While astronomers and engineers were trying to calibrate one of the James Webb Space Telescope’s instruments last summer, they serendipitously found a previously unknown small 100–200-meter (300-600 ft) asteroid in the main asteroid belt. Originally, the astronomers deemed the calibrations as a failed attempt because of technical glitches. But they noticed the asteroid while going through their data from the Mid-InfraRed Instrument (MIRI), and ended up finding what is likely the smallest object observed to date by JWST. It is also one of the smallest objects ever detected in our Solar System’s main belt of asteroids.
“We — completely unexpectedly — detected a small asteroid in publicly available MIRI calibration observations,” explained Thomas Müller, an astronomer at the Max Planck Institute for Extraterrestrial Physics in Germany, in a press release. “The measurements are some of the first MIRI measurements targeting the ecliptic plane and our work suggests that many, new objects will be detected with this instrument.”
The asteroid is not yet named, as follow-up observations need to be done to confirm the discovery. Additionally, more observations will be done to better characterize this object’s nature and properties.
This finding was unexpected because astronomers weren’t sure JWST had the capability find asteroids this small. But this detection showed otherwise.
What’s more, based on this finding, astronomers suspect that even short MIRI observations close to the plane of the Solar System will always include a few asteroids, most of which will be unknown objects. This is reminiscent of the early calibration images in March of 2022 where previously unseen background galaxies were showing up everywhere. Jane Rigby, JWST operations project scientist said, “Basically, everywhere ever we look, it’s a Deep Field.”

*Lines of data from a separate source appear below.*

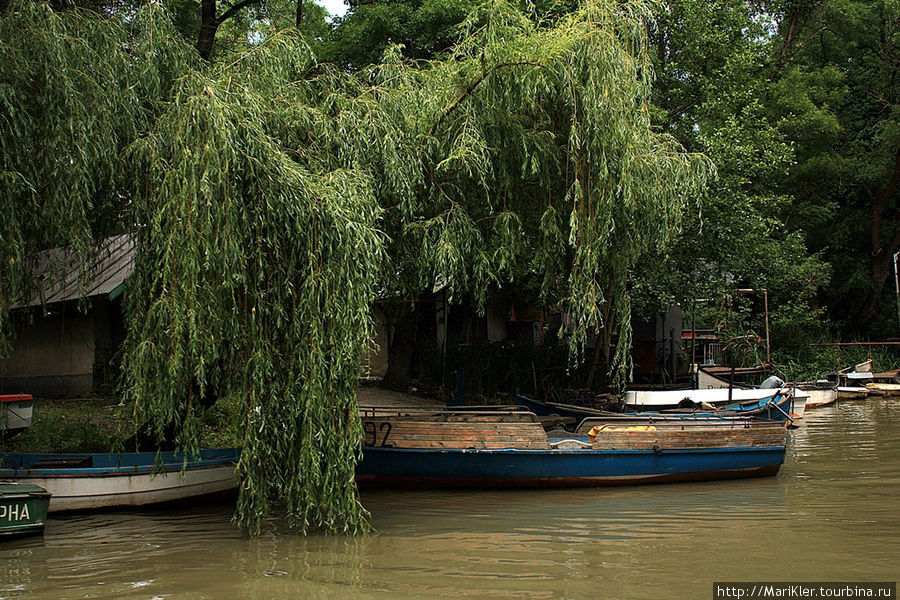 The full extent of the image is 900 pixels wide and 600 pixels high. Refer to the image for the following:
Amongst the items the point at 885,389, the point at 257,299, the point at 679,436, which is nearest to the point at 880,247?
the point at 885,389

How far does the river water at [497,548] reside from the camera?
24.9ft

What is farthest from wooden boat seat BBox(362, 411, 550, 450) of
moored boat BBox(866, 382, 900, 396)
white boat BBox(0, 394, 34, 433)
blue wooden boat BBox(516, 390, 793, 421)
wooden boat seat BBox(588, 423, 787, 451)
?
moored boat BBox(866, 382, 900, 396)

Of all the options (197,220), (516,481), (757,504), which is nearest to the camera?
(197,220)

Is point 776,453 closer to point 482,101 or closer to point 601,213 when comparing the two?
point 601,213

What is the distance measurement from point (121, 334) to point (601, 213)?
12.3 meters

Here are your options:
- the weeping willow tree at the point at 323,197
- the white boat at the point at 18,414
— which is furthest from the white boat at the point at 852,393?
the white boat at the point at 18,414

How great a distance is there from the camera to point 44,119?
30.3 feet

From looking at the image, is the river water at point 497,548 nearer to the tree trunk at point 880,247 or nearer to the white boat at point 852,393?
the white boat at point 852,393

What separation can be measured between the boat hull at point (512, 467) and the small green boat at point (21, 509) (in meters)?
4.59

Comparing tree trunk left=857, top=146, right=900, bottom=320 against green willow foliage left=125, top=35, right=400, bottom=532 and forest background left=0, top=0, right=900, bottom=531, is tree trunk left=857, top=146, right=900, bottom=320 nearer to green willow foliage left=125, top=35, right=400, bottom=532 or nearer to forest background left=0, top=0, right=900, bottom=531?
forest background left=0, top=0, right=900, bottom=531

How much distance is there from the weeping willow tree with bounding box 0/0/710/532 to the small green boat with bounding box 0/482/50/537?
1.62 m

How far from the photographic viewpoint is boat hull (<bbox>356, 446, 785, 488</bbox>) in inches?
486

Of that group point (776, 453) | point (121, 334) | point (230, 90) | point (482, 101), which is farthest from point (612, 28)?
point (121, 334)

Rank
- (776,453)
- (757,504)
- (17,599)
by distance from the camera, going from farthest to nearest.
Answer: (776,453), (757,504), (17,599) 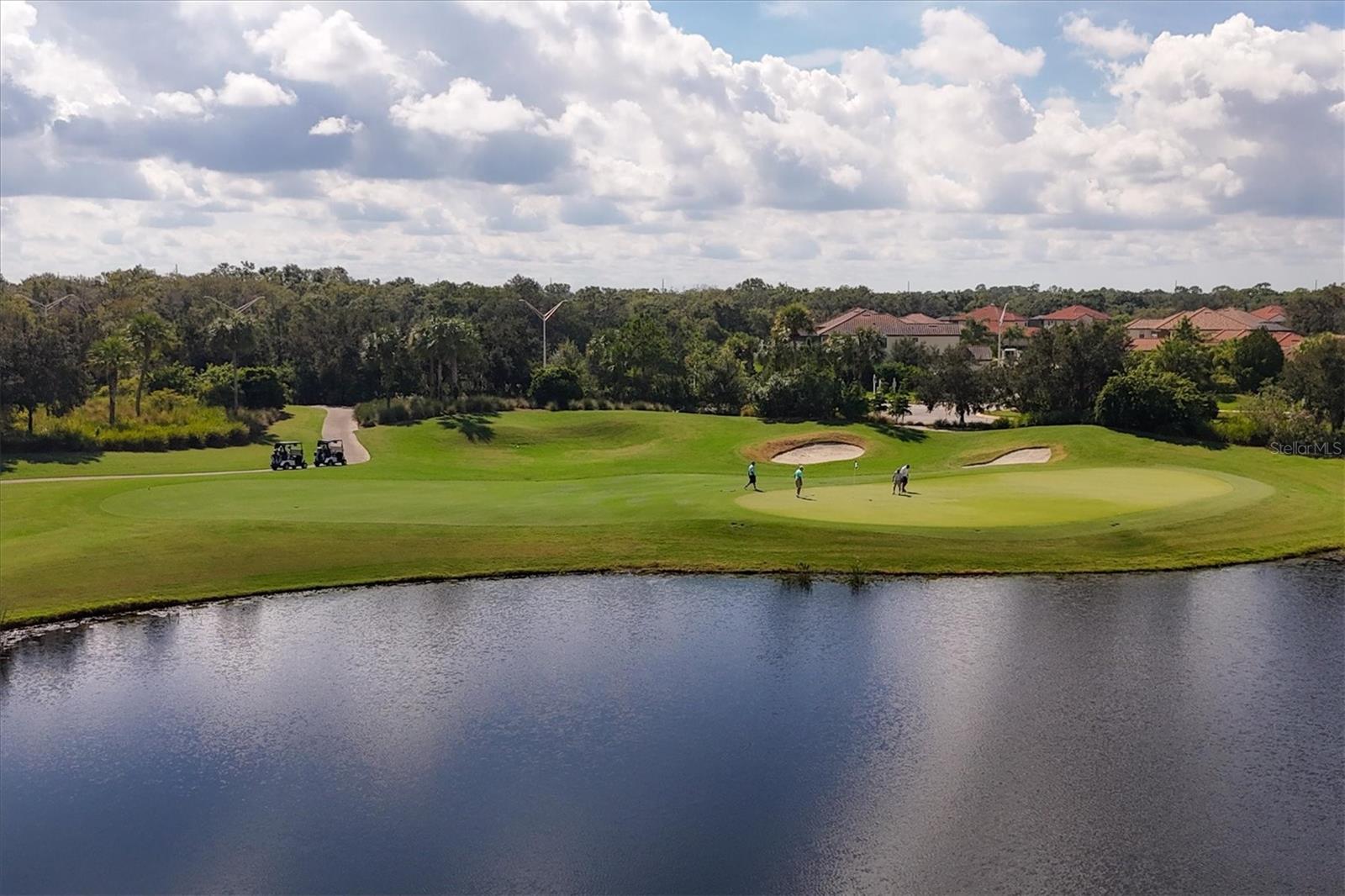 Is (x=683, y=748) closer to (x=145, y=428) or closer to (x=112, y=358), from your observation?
(x=145, y=428)

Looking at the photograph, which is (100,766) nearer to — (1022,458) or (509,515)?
(509,515)

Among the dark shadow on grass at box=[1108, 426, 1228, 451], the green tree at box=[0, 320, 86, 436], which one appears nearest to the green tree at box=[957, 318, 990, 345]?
the dark shadow on grass at box=[1108, 426, 1228, 451]

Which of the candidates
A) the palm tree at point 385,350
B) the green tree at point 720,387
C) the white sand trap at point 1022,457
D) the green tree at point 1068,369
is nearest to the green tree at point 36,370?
the palm tree at point 385,350

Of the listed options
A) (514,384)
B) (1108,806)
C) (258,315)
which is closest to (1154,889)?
(1108,806)

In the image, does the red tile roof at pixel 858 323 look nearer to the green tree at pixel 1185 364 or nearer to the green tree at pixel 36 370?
the green tree at pixel 1185 364

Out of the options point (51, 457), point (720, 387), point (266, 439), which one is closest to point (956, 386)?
point (720, 387)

So, JWST’s infrared capabilities should be a boon to detecting some of the hardest to find asteroids. Scientists estimate the asteroid belt has between 1.1 and 1.9 million asteroids larger than 1 kilometer (0.6 miles) in diameter, and millions of smaller ones. Most of the undiscovered asteroids are the smaller ones (less than 100 km across) which are more difficult to detect.
“This is a fantastic result which highlights the capabilities of MIRI to serendipitously detect a previously undetectable size of asteroid in the main belt,” said Bryan Holler, Webb support scientist at the Space Telescope Science Institute. “Repeats of these observations are in the process of being scheduled, and we are fully expecting new asteroid interlopers in those images!”
The calibrations being performed while JWST was targeting another main-belt asteroid (10920) 1998 BC1, which astronomers discovered in 1998. The calibration team considered them to have failed for technical reasons due to the brightness of the target and an offset telescope pointing.
However, even the failure was a success in another way, because the team was able to test a new technique to constrain an object’s orbit and to estimate its size. The validity of the method was demonstrated for asteroid 10920 using the MIRI observations combined with data from ground-based telescopes and ESA’s Gaia mission.
“Our results show that even ‘failed’ Webb observations can be scientifically useful, if you have the right mindset and a little bit of luck,” said Müller. “Our detection lies in the main asteroid belt, but Webb’s incredible sensitivity made it possible to see this roughly 100-metre object at a distance of more than 100 million kilometers.”